The proposition I have been trying to prove is that the set $A=\{x\in E:N(x)=1\}$ is a compact subset of the (real) finite-dimensional vector space $E$ for any norm $N:E\to \mathbb{R}$.
I am reading the proof of this proposition from a textbook of topology. Briefly, the main reasoning of the proof is as follows. There exists a norm $N^{'}(x)$ such that the metric space $(E,\rho^{'}),~\rho^{'}(x,y)=N^{'}(x-y)$, is isometric with the Euclidean metric space $(\mathbb{R}^n,|\cdot|)$. Furthermore, the set $B=\{x\in\mathbb{R}^n:|x|=1\}$ is a closed and bounded subset of $\mathbb{R}^n$, therefore it is compact. Given that compactness is a topological property and that $B$ is compact, the set $C=\{x\in E:N^{'}(x)=1\}$ is also compact.
It is further known that all the norms of $E$ are equivalent, given that $E$ is finite-dimensional. It is finally claimed in the proof that since i) $N$ and $N^{'}$ are equivalent norms, ii) compactness is a topological property and iii) $C$ is compact, $A$ is compact too.

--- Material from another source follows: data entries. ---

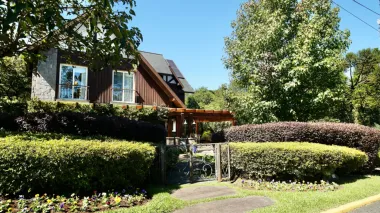 Casa de Condomínio para venda no bairro Aspen Mountain em Gramado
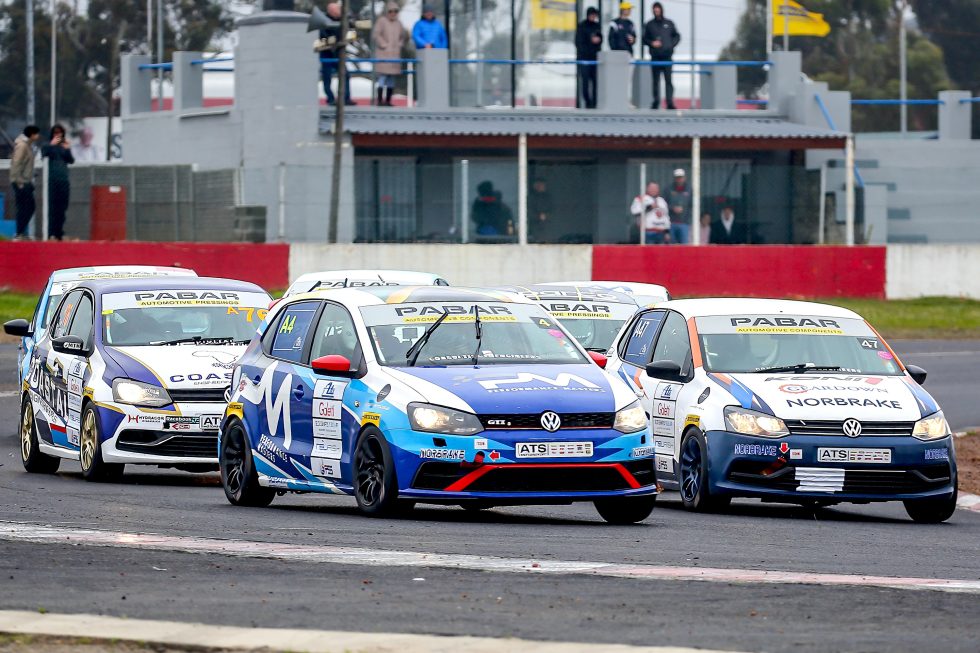 A KILLARNEY CHALLENGE DAY TO REMEMBER | Motorsport South Africa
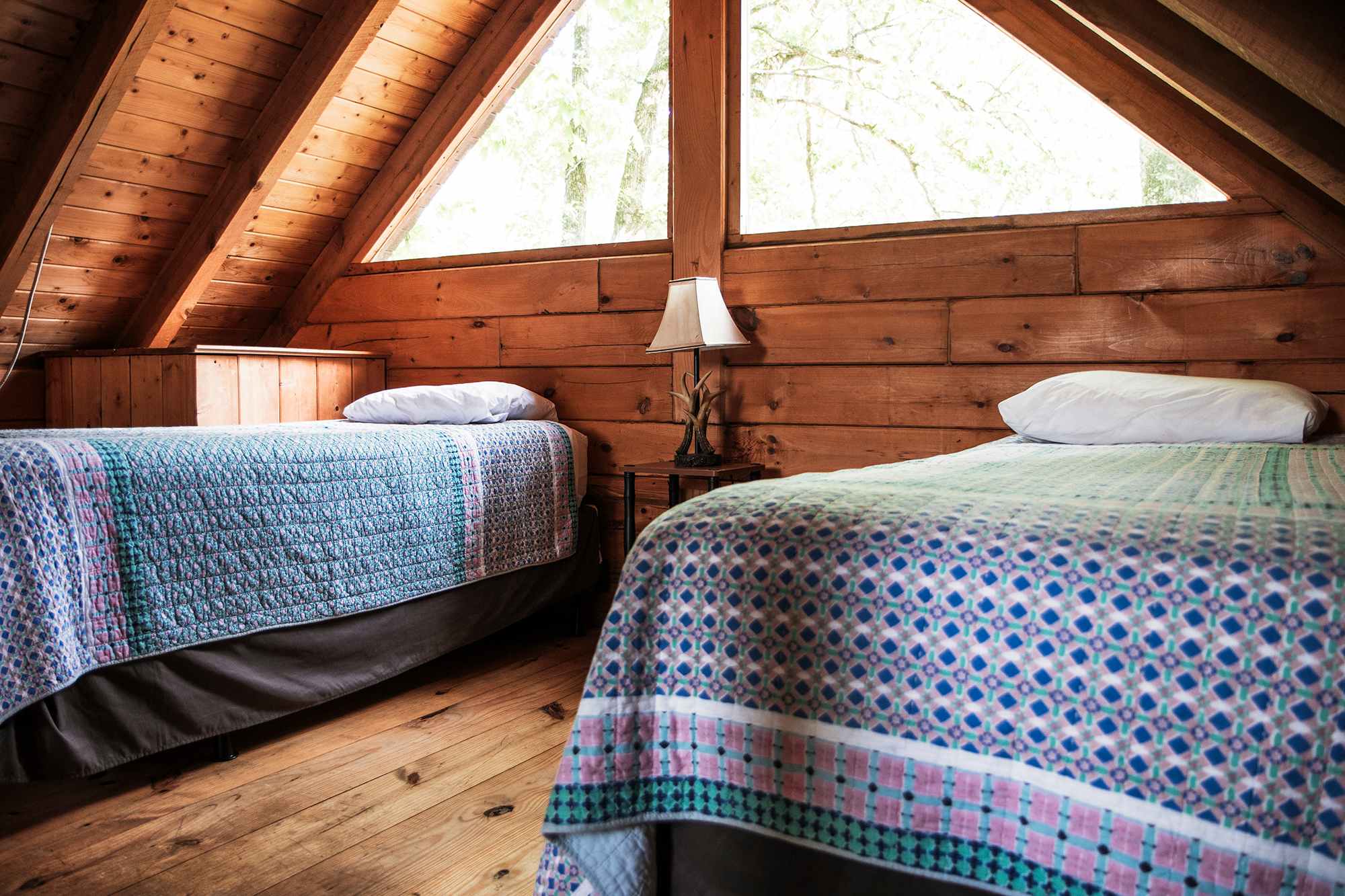 Kozy Haven Cabins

This is all understood apart from one point; I have to prove that there exists a homomorphism $f:A\to C$. I don't see how this follows from the equivalence of norms $N$ and $N^{'}$.
I am aware that equivalence of norms implies equivalence of metrics, which means that the metric spaces $(E,\rho),~\rho(x,y)=N(x-y)$, and $(E,\rho^{'})$ have the same topology, but this hasn't helped me construct the homomorphism of interest.
I thought of defining the function $f:A\to C$ as $f(x)=\frac{x}{N^{'}(x)}$, which can be shown to be bijective, but I can't prove that it is continuous, so as to prove that it is homomorphic (in fact I am not even sure if it is continuous).
I am trying to prove this proposition without constraining the problem to inner product spaces (aka Hilbert spaces).
Best Answer
If $A$ has the norm $N$ and $N'$ is an equivalent norm, $N'$ is continuous. Since $N'(x)\neq 0$ for all $x\in A, f$ is continuous as well. A similar argument can be used to show the inverse is continuous.
There is an easier way however. Since $E$ is finite-dimensional, there is an isomorphism $L:E\rightarrow \mathbb{R}^n$ for some $n$. If $N$ is the norm on $E$, we can define a norm $N'$ on $\mathbb{R}^n$ by $N'(x):=N(L^{-1}(x))$ (you have to check this is a norm). Then $B=\{x\in \mathbb{R}^n:N'(x)=1\}$ is closed and bounded, since all norms on $\mathbb{R}^n$ are equivalent, hence B is compact. But then so is $A$, since $A=L^{-1}(B)$ and $L$ is an isomorphism.